Says Malkin: "Whatever your partisan leanings, an attack planned on the Vice President of the United States is an attack on America. Some of our fellow Americans, however, can't put their sneering hatred of the White House aside."

Says me: Don't people realize that openly rooting for the death of an American official says way more about them than their intended target?
Indeed it does. In fact, all it says is that some yahoo without the courage to sign his or her name to it decided to make a nasty comment on somebody else's blog. Period.

That is, that's all it says unless and until somebody else implies that those handful of anonymous comments are characteristic of an entire side of the American political spectrum. Those ugly, anonymous comments are nothing more than that until, for example, the media critic for the Washington Post gives one of this country's most infamous pundits the platform to say something like this:

    Whatever your partisan leanings, an attack planned on the Vice President of the United States is an attack on America. Some of our fellow Americans, however, can't put their sneering hatred of the White House aside.
When that happens, despite the media critic's willingness to give "credit" to the Huffington Post for removing the comments, the clear implication is that the broader community of Bush administration critics genuinely regrets the continued breathing of the vice president.

And putting the Dick Cheney incident aside for a moment, why would anybody give credibility to Michelle Malkin, who is responsible for some of the most inflamatory spewings in the body of American political writing?

Malkin's history of extreme rhetoric and of using generalizations to smear entire groups of people is well documented:

  • In media appearances on August 9, 2004, promoting her book In Defense of Internment (Regnery, 2004), Malkin advocated racial profiling; defended the internment of Japanese-Americans (and other ethnic minorities) during World War II; and called for the removal of then-Transportation Secretary Norman Mineta, claiming that he couldn't be objective on the issue of racial profiling because of his personal experience as an interned Japanese-American.

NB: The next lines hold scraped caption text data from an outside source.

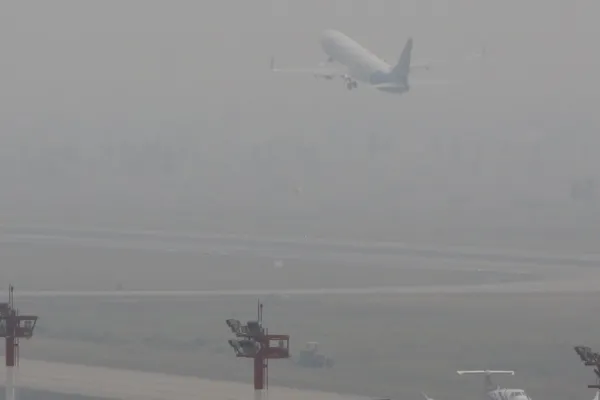 Incendios forestales en Bolivia: aviones bombardean nubes para provocar lluvias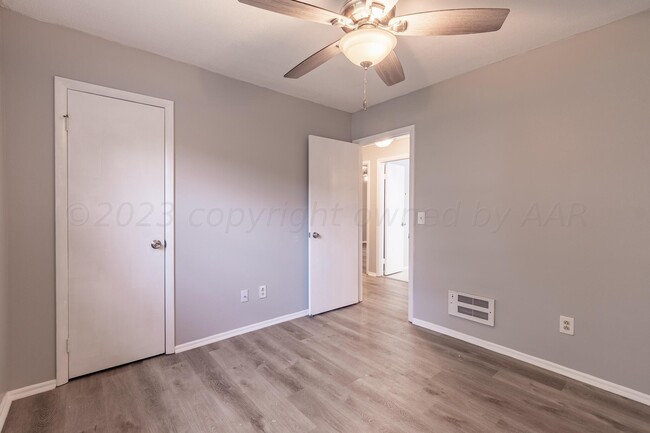 Building Photo - 5130 Leland Dr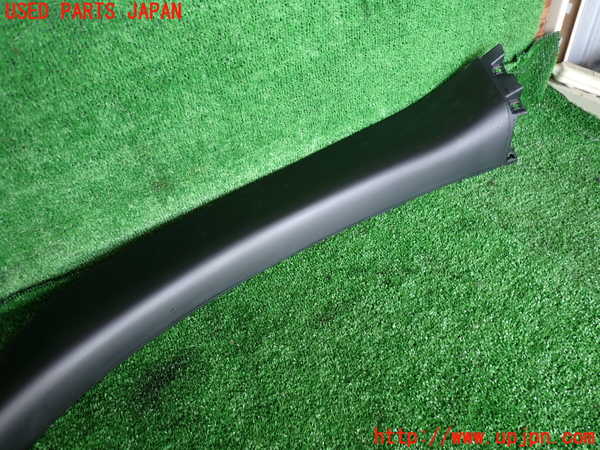 2UPJ-29897655]ポルシェ・ケイマン(98720)右フロントピラートリム 中古 (987c型)_m0003.jpg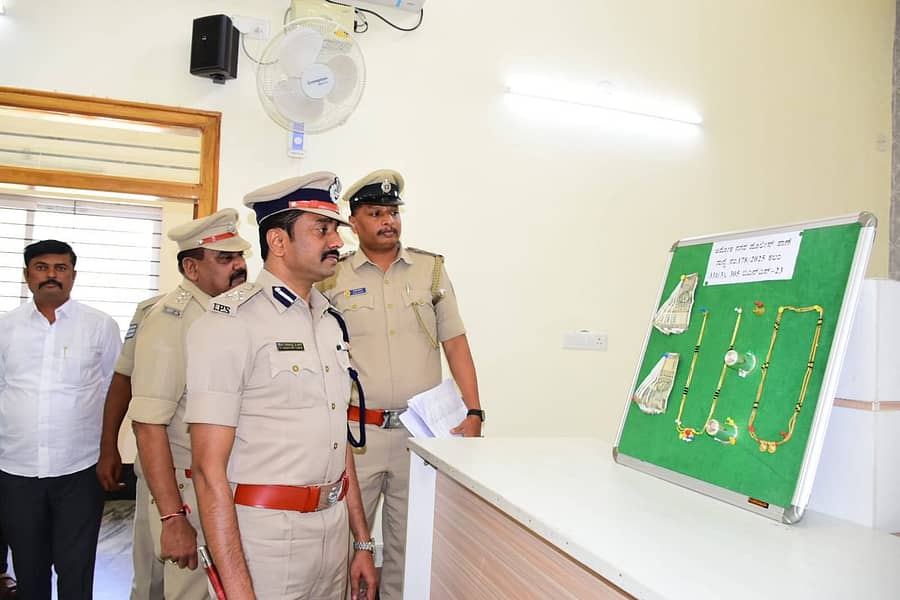 ಮೂರು ಪ್ರಕರಣಗಳಲ್ಲಿ ಆರೋಪಿಯಿಂದ ವಶಕ್ಕೆ ಪಡೆದ ಚಿನ್ನಾಭರಣ–ನಗದನ್ನು ನಗರ ಪೊಲೀಸ್‌ ಕಮಿನಷರ್‌ ಶರಣಪ್ಪ ಎಸ್‌.ಡಿ. ವೀಕ್ಷಿಸಿದರು. ಎಸಿಪಿ ಶರಣಬಸಪ್ಪ ಸುಬೇದಾರ್‌, ಇನ್‌ಸ್ಪೆಕ್ಟರ್‌ ಅರುಣಕುಮಾರ ಇದ್ದರು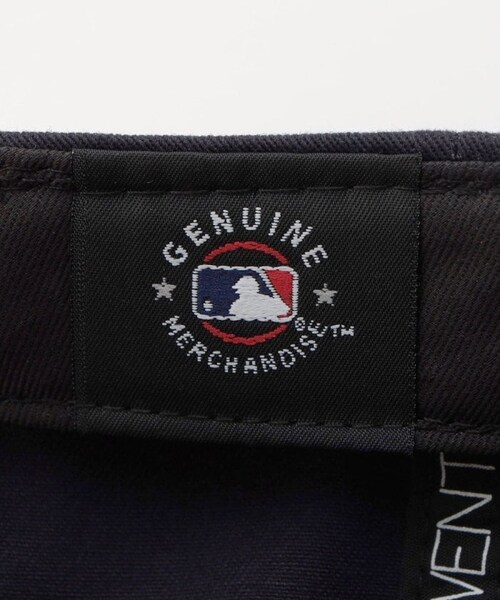 FREAK'S STORE（フリークスストア）の「NEW ERA 920 ニューヨーク・ヤンキース（帽子・レディース・ブラック/ネイビー・FREE）」の7枚目の写真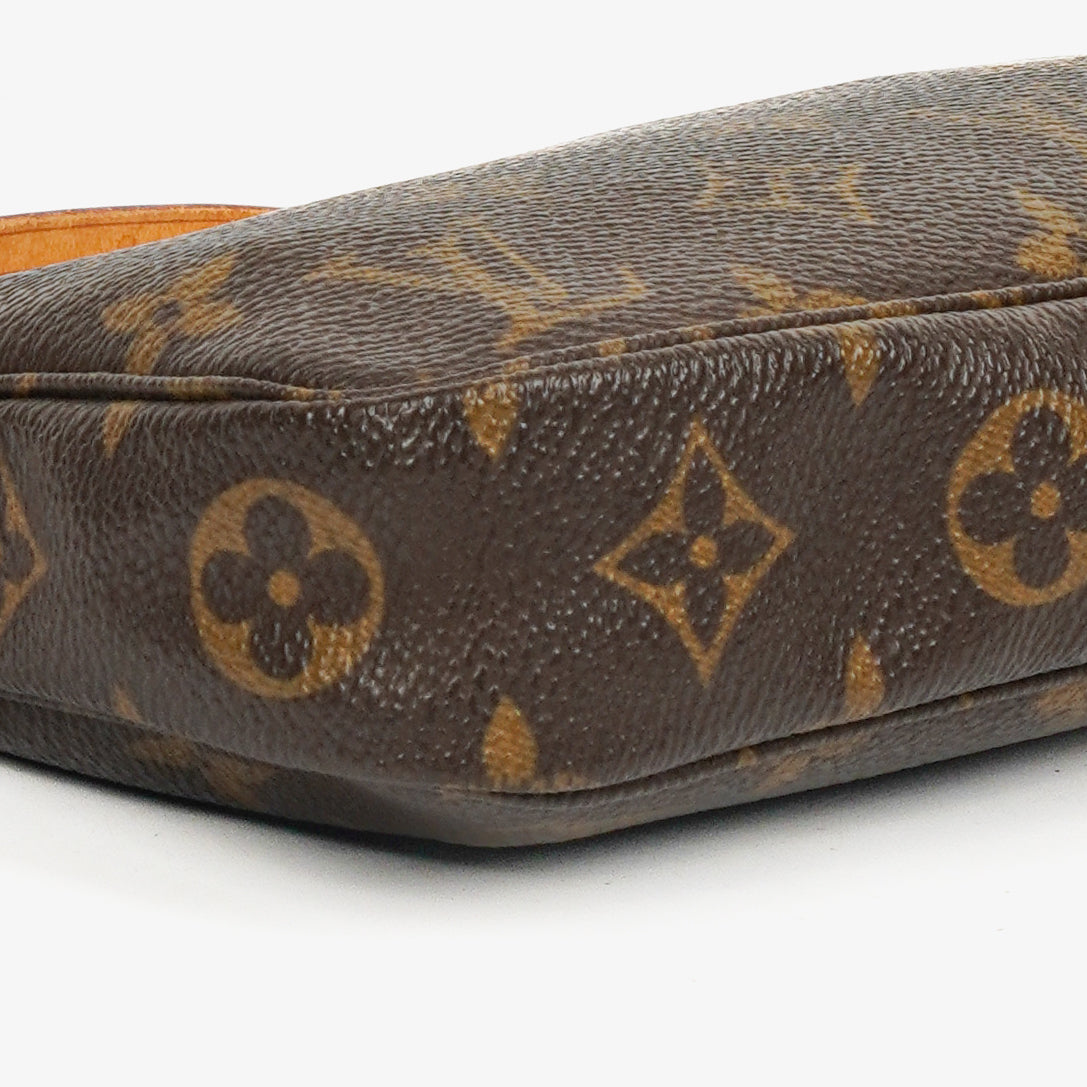 Louis Vuitton Pochette Accessoires Monogram Canvas Clutch Handbag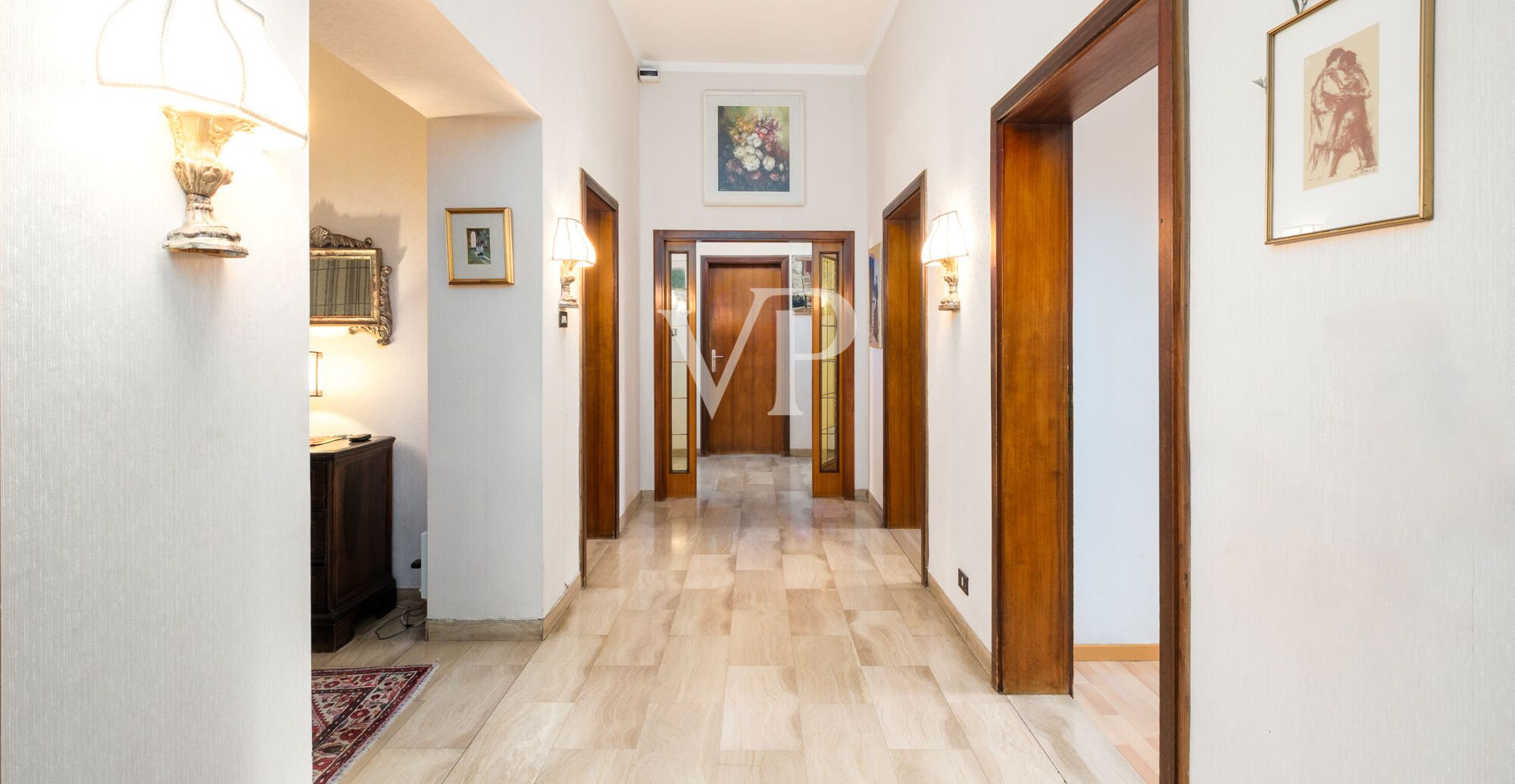 Elegante und geräumige Drei-Zimmer-Wohnung mit Terrasse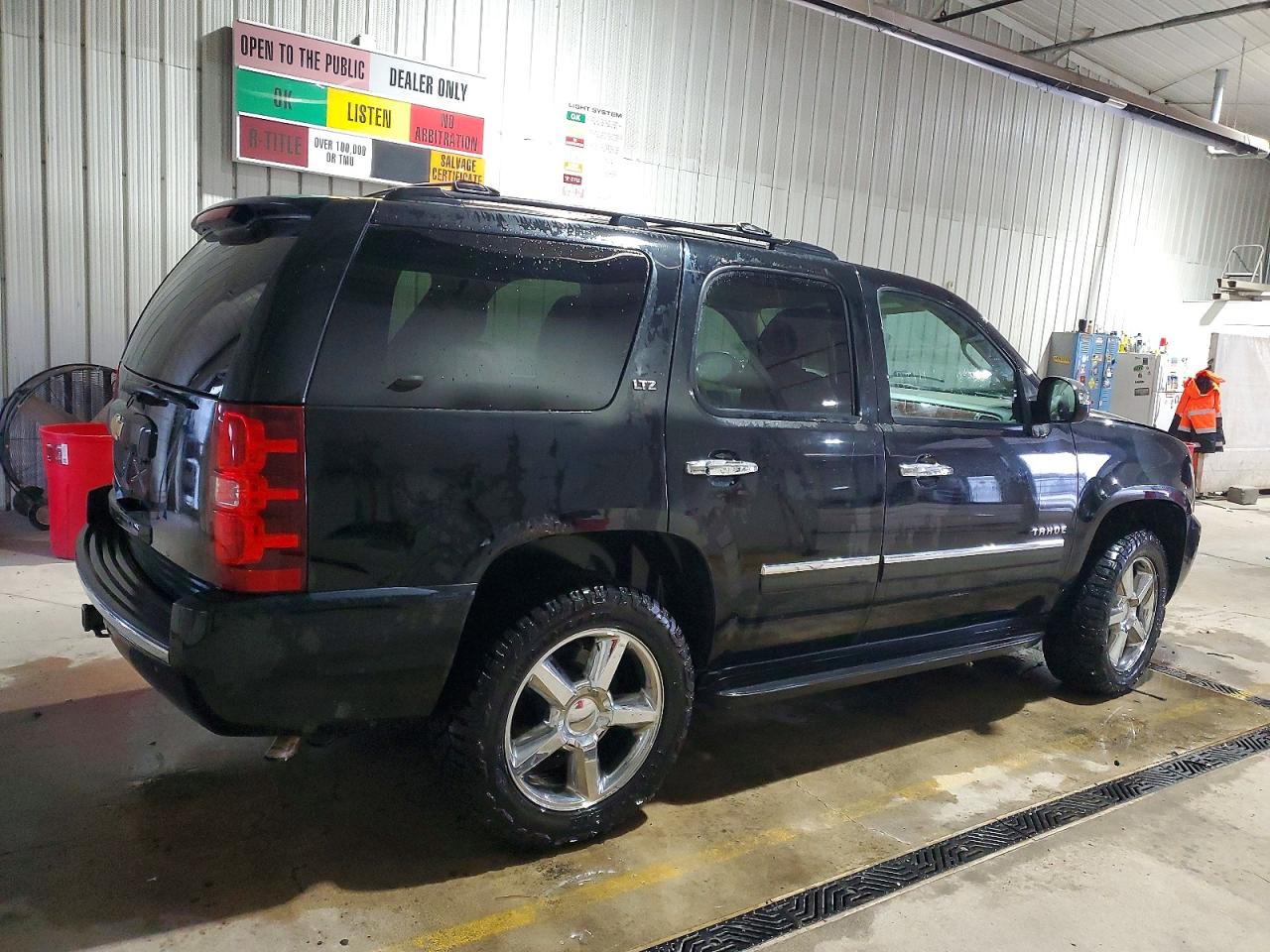 2013 CHEVROLET TAHOE K1500 LTZ photo 3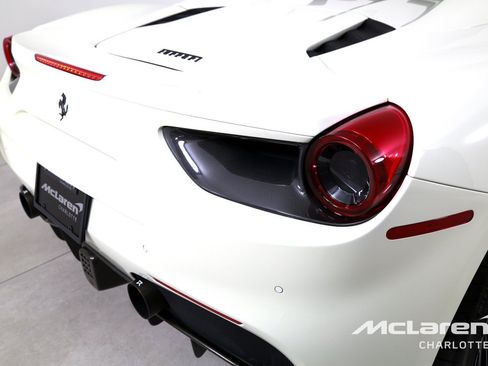 Used 2018 Ferrari 488 Spider RWD image 39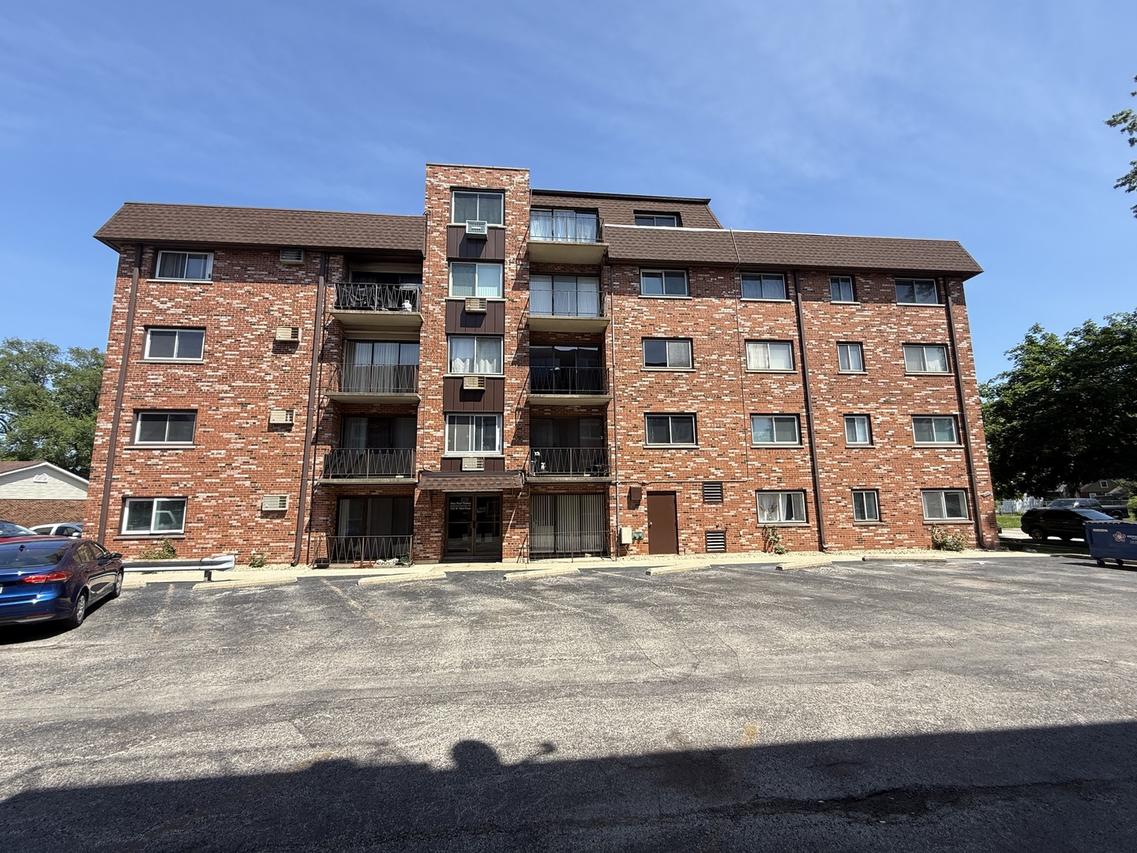 7110 W 93rd Pl. #3F, Oak Lawn, IL 60453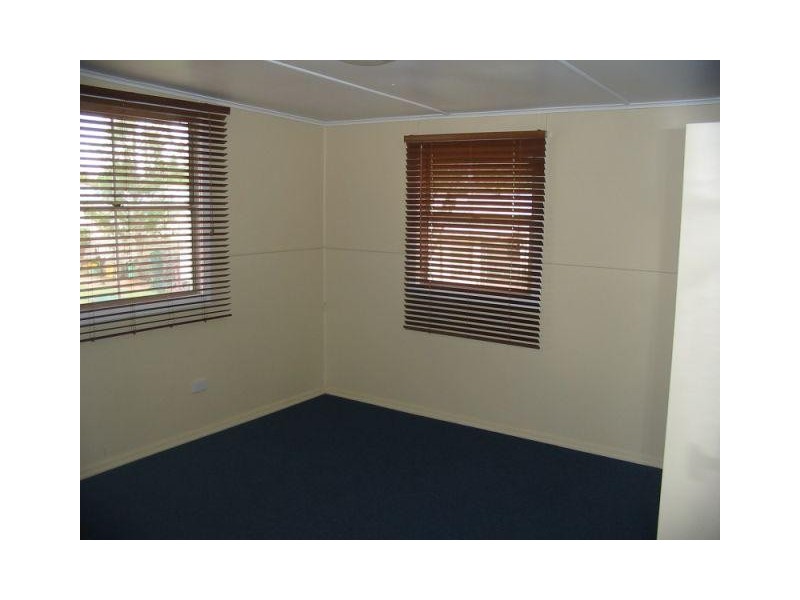 24 Charles Street, Dalby QLD 4405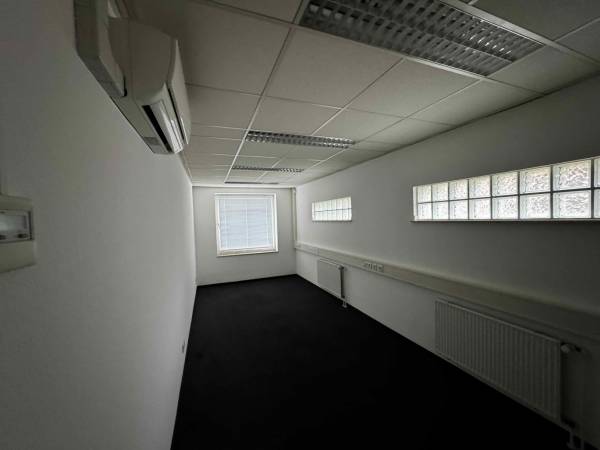 Großzügiges Bürogebäude in ruhigem Gewerbepark in Düsseldorf-Benrath — Bild 5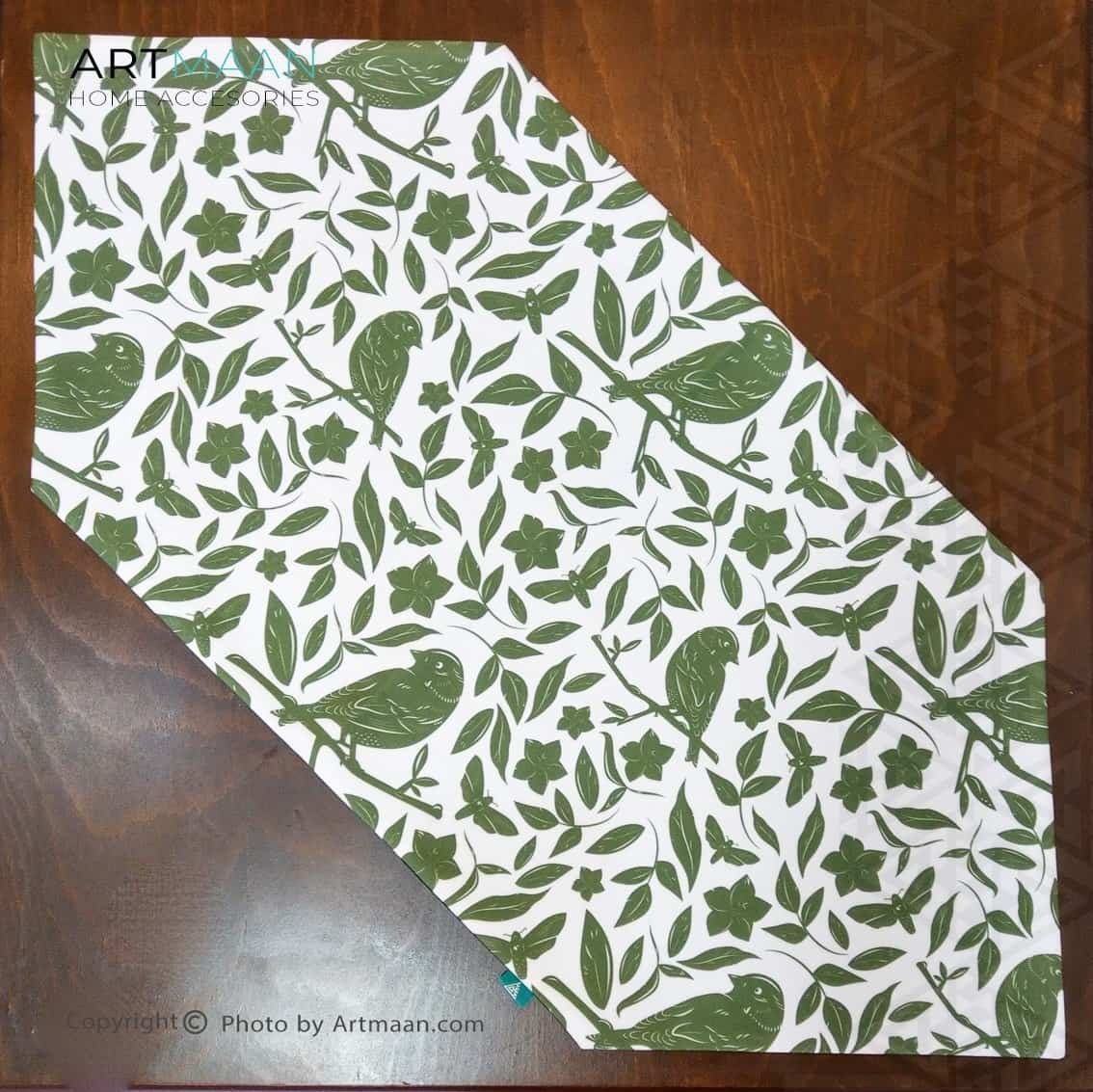 رانرجلو مبلی  مخمل آستر دار طرح  پرنده سبز   ( سایز 35x105 ) منگوله دار
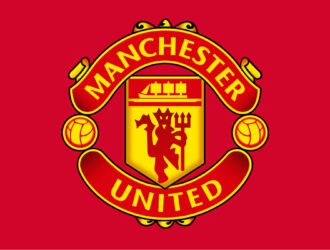 Rood Manchester United shirt met zwarte accenten en stadiongrafiek op de mouwen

  • During the May 8, 2006, edition of The O'Reilly Factor, Malkin agreed with host Bill O'Reilly's claim that, under a California state bill that would require textbooks to recognize the accomplishments of historical lesbian, gay, bisexual and transgender [LGBT] figures, "if you are a teacher ... you're not going to be able to say bad things about [convicted mass murderer] Jeffrey Dahmer," because Dahmer was "a gay cannibal."


  • On the June 1, 2006, edition of Fox News' The Big Story with John Gibson, Malkin blasted the media coverage of alleged killings of Iraqi civilians by U.S. troops in Haditha, claiming that there are "puddles of drool in the offices of the L.A. Times and The New York Times."


  • On December 4, 2006, Think Progress noted that a video was being propagated on Malkin's Hot Air website of an anonymous C-SPAN viewer who called former President Jimmy Carter "a bigot and a racist and an anti-Semite," and accused him of "cozying up with every dictator, thug, Islamic terrorist there is." Like the story on the Edwards campaign bloggers, that story was picked up by the mainstream media, being aired MSNBC.
One could certainly make the case, not convincingly in my opinion, that these examples are not representative of Malkin's work, and that they unfairly portray her as a bigoted demagogue.

The point is that one can also, much more convincingly in my opinion, make the case that a sprinkling of mean-spirited, anonymous blog comments are not at all representative of the broader views of critics of the Bush administration. Despite Kurtz's pro forma disclaimer, his presentation of them with commentary by partisan bomb-thrower Michelle Malkin serves to accomplish nothing more than to suggest guilt by association. This is the precise reason that Malkin, Rush Limbaugh, Sean Hannity and other conservative mouthpieces seized on the comments with such vigor. For Kurtz to wallow in this filth, all the while pretending he is above it all, goes beyond dishonesty into self-parody.